Nach § 3 Nr. 3 Satz 1 GrEStG setzt die Steuerfreiheit des Erwerbs eines zum Nachlaß gehörigen Grundstücks zur Teilung des Nachlasses voraus, daß das Grundstück durch (einen oder mehrere) Miterben erworben wird. Das gilt auch im Falle der Zugewinngemeinschaft, wenn der überlebende Ehegatte sowohl hinsichtlich seines eigentlichen Erbteils (§ 1931 BGB) als auch seines Zusatzerbteiles (§ 1371 Abs. 1 BGB) bei einer Mehrheit von Erben (§ 2032 BGB) Miterbe geworden ist (vgl. Boruttau/Klein, Grunderwerbsteuergesetz, Kommentar, 9. Aufl., § 3 Tz. 90). Da die Klägerin die Erbschaft ausgeschlagen hat, hat sie rückwirkend ihre Stellung als Erbin verloren (§ 1953 Abs. 1 BGB). Neben der Ausgleichsforderung aus durch Tod aufgelöster Zugewinngemeinschaft (§ 1378 BGB) konnte sie zwar ihren Pflichtteil (§ 2303 BGB) verlangen (§ 1371 Abs. 2, 3 BGB). Als Pflichtteilsberechtigte war sie aber nicht mehr Erbin, also auch nicht Miterbin, so daß § 3 Nr. 3 Satz 1 GrEStG nach seinem Wortlaut und auch nach seinem Zweck, die Aufteilung der (Zufalls-) Erbengemeinschaft zu erleichtern, nicht anwendbar ist (vgl. die Rechtsprechungsnachweise bei Boruttau/Klein, a. a. O., § 3 Tz. 58).

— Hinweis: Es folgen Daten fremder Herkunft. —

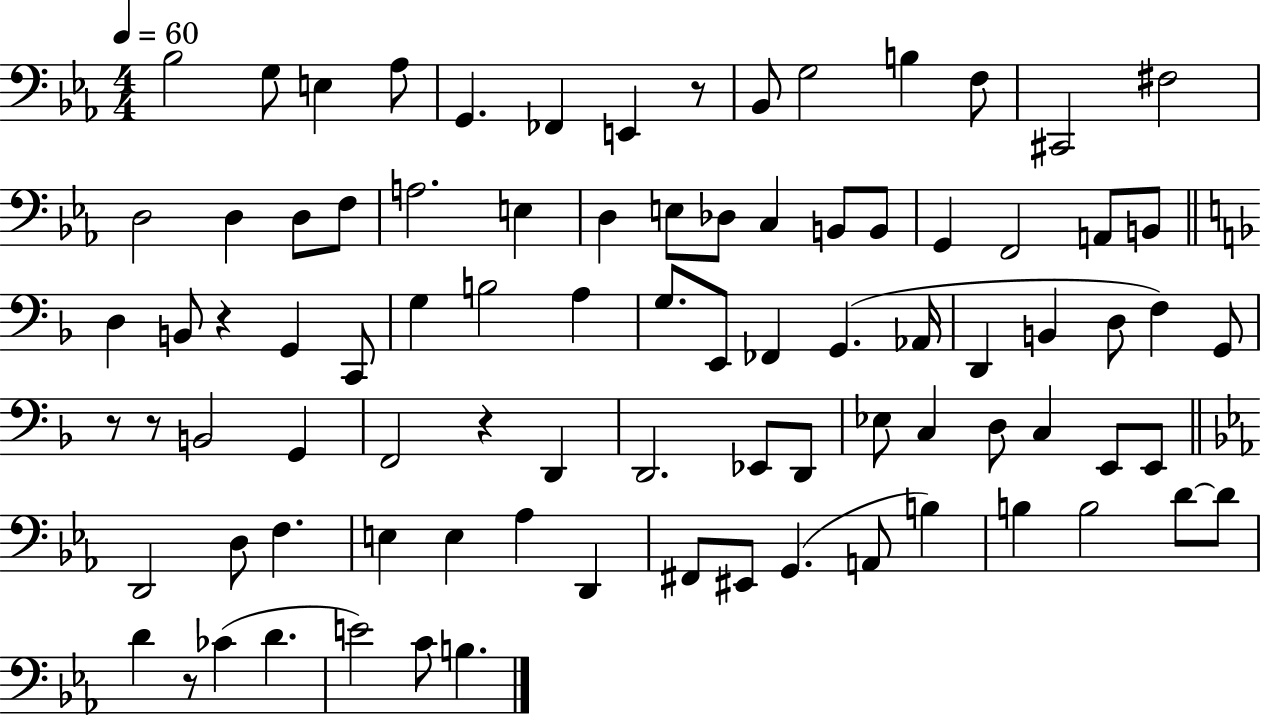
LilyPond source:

2. Nach § 3 Nr. 3 Satz 2 GrEStG steht den Miterben der - also nicht Miterbe gewordene oder gebliebene - überlebende Ehegatte nur gleich, wenn er mit den Erben des verstorbenen Ehegatten "gütergemeinschaftliches Vermögen zu teilen" hat. Der Wortlaut dieser Vorschrift setzt eindeutig voraus, daß der überlebende Ehegatte als Nichterbe mit dem Erben seines verstorbenen Ehegatten Vermögen einer Gütergemeinschaft, also gemeinschaftliches Vermögen der Ehegatten, zu teilen hat. Als solches gemeinschaftliches - und zu teilendes - Vermögen (Gesamtgut) kam bis zum Inkrafttreten des Gleichberechtigungsgesetzes vom 18. Juni 1957 (BGBl I, 609) das Gesamtgut der allgemeinen Gütergemeinschaft (§ 1438 BGB in der Fassung vor Inkrafttreten des Gleichberechtigungsgesetzes; BGB alt), der Errungenschaftsgemeinschaft (§ 1519 BGB alt) und der Fahrnisgemeinschaft (§ 1549 BGB alt) und kommt nun das Gesamtgut der Gütergemeinschaft (§ 1416 BGB) in Betracht. Bei Auflösung der Ehe und damit - vorbehaltlich vereinbarter fortgesetzter Gütergemeinschaft (§ 1483 BGB) - der Gütergemeinschaft gehört der Anteil des verstorbenen Ehegatten am Gesamtgut zum Nachlaß. Der verstorbene Ehegatte wird nach den allgemeinen Vorschriften beerbt (§ 1482 BGB). Die Erben des Verstorbenen haben sich also mit dem überlebenden Ehegatten über diesen Nachlaß auseinanderzusetzen (vgl. §§ 1471 ff. BGB; Palandt/Lauterbach, Bürgerliches Gesetzbuch, 31. Aufl., § 1471 Anm. 3, § 1482 Anm. 2). Wird in einem solchen Fall ein Grundstück, das zum Gesamtgut gehörte, zur Teilung des Nachlasses vom überlebenden Ehegatten zu Allein-(auch Mit-)Eigentum erworben, so ist dieser Erwerb nach § 3 Nr. 3 Satz 2 GrEStG steuerbefreit.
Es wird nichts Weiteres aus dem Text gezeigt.